Sometimes just being alive came as a great surprise, which was how Conrad felt as awareness seeped back into his brain, along with a great deal of pounding agony.

He had been knocked out before, so he knew what it was like to feel as if a band of demons was inside his skull, slugging away at it with balpeen hammers. That was actually his pulse, and pain shot through his head with every beat of it.

But that meant his heart was beating. When he’d passed out, it had been with the grim acceptance of death. Rose and McKinney would probably slit his throat while he was unconscious.

Instead he was alive, and he gradually became aware that he was moving. The rough surface on which he lay swayed back and forth underneath him.

A musty stink filled his nostrils, and something scratchy rubbed against his face. After a few moments, he realized he was wrapped up in a blanket and probably lying in the back of a wagon. The roughness of the ride told him the vehicle wasn’t rolling over Denver’s paved streets.

So he was out on the trail somewhere, he thought. The fact that McKinney had been in his hotel room along with Rose Sullivan gave him a pretty good idea where he and his captors were headed.

They were on their way to McKinney’s Double Star ranch.

Despite the pain in his head, Conrad forced himself to concentrate on the predicament in which he found himself. He remembered how Rose had slipped into the hotel in disguise and gotten the drop on him. The exchange she’d had with McKinney proved the two of them were working together. Conrad didn’t know if that had been the case from the start, or if Rose had gone to McKinney for help after her true identity as a hired killer had been discovered.

It didn’t really matter, he told himself. What was important was that two very deadly enemies of his had teamed up . . . and he was now their prisoner.

So far he hadn’t budged as awareness came back to him. He remained as motionless as possible. The wagon’s bumps and jolts made him move a little, but he kept his muscles limp so that would look natural. The longer he could keep them from realizing he had regained consciousness, the better.

When he got a chance to make a break for freedom, he wanted to take them by surprise.

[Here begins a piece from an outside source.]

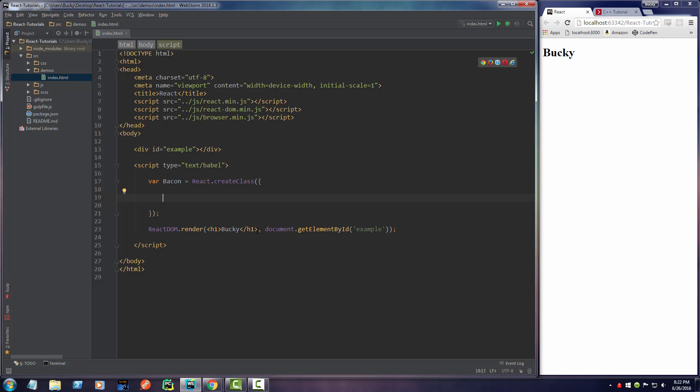So we can just have a component that's just a heading. We can have a component that's an entire buddy list. But for right now, essentially what your component needs to do is it needs to return some HTML. So how do we do this?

He wondered how long he had been out cold. It seemed like a long time, hours, maybe, but he knew that feeling could be deceptive.

Along with the hoofbeats of the team pulling the wagon, he could hear other horses. Outriders, more than likely. Maybe McKinney himself, since he struck Conrad more as the type to ride a horse than sit on a wagon.

Rose would be on the wagon. He considered the possibility of throwing off the enshrouding blanket, grabbing her, and using her as a hostage.

It wouldn’t work, he decided. For one thing, he was too likely to get tangled up in the blanket and slowed down by it. For another, just because McKinney and Rose were working together didn’t mean that he gave a damn what happened to her. If Conrad threatened to kill her, McKinney might just laugh and tell him to go ahead.

Anyway, he wasn’t the sort of man who used a woman as a shield, even a dangerous woman like Rose Sullivan. He would have to find another way out of the mess.

And it would have to be soon, because he heard McKinney say, “There it is. The Double Star ranch. The last place that bastard Browning will ever see.”